子どもができるとどうしても気になってくるのが教育費の問題。今は「大学全入」とも言われ、教育に多額の費用が必要とされる時代でもあります。

実際のところ、教育費はどのくらい必要で、どう貯めていくのが良いのか。多くの親御さんが気になるテーマについて独立系ファイナンシャルプランナーであるのぞみさんにお伺いしました。

選ぶ進路で大きく変わる教育費

教育費の多くを占める学校の入学金や授業料は、選ぶ進路によって大きく変わります。小学校から高校まで公立、大学は国公立を選んだ場合は合計で約850万円。小学校から高校までを私立、大学は私立理系を選んだ場合は合計2,350万円。その差はなんと1,500万円にも。お子さんが選ぶ進路によって、準備する資金にも大きな差が出てきます。

進路別 教育費用の目安

教育資金に使える給付金・支援金

すべての教育費をご家庭で準備することが難しい場合は、国や行政からの給付金や支援金を利用することもできます。代表的なものを3つご紹介します。

■〈0歳〜中学校〉児童手当

お子さんの誕生から中学校を卒業するまでもらえる手当です。03歳未満は一律15,000円、3歳から小学校卒業までは10,000円(第3子以降は15,000円)、中学生は一律10,000円が支給されます。ただし所得制限があるので、詳しくは自治体HPなどでご確認ください。

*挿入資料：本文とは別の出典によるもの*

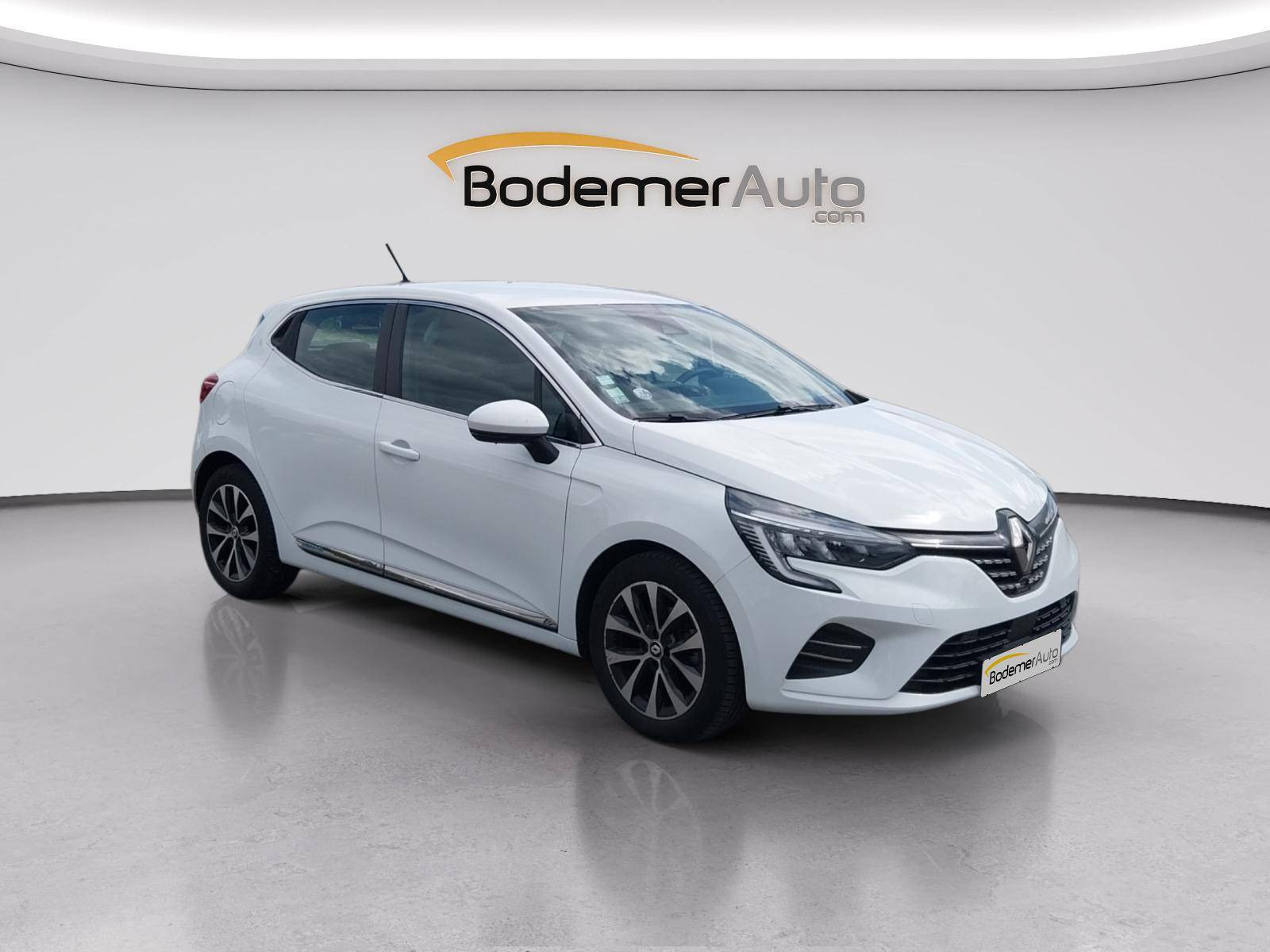 Vente en ligne Renault Clio 5 Clio TCe 90 - 21N au prix de 14 990 €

仮に支給された児童手当を全て貯蓄することができると、総額で約200万円になります。これをそのまま教育資金に回すことができれば負担を減らすことができます。

■〈高校〉高等学校等就学支援金制度

高校に関しては国公私立問わず、授業料に充てるための支援金が用意されています。全日制であれば国立高校で115,000円、公立で118,000円。授業料が高い私立高校は、最大396,000円まで支給されます。

予定外の私立高校進学の場合でも、支援を受けることで授業料が実質無料になるので安心です。ただし、この制度も世帯年収の制限が設けられています。

■〈大学〜〉奨学金制度(高等教育の就学支援制度)

大学までに必要な教育資金を準備できなかった場合は、「高等教育の就学支援制度」を利用するという方法があります。この制度は、①授業料等減免と②給付型奨学金の2つが用意されています。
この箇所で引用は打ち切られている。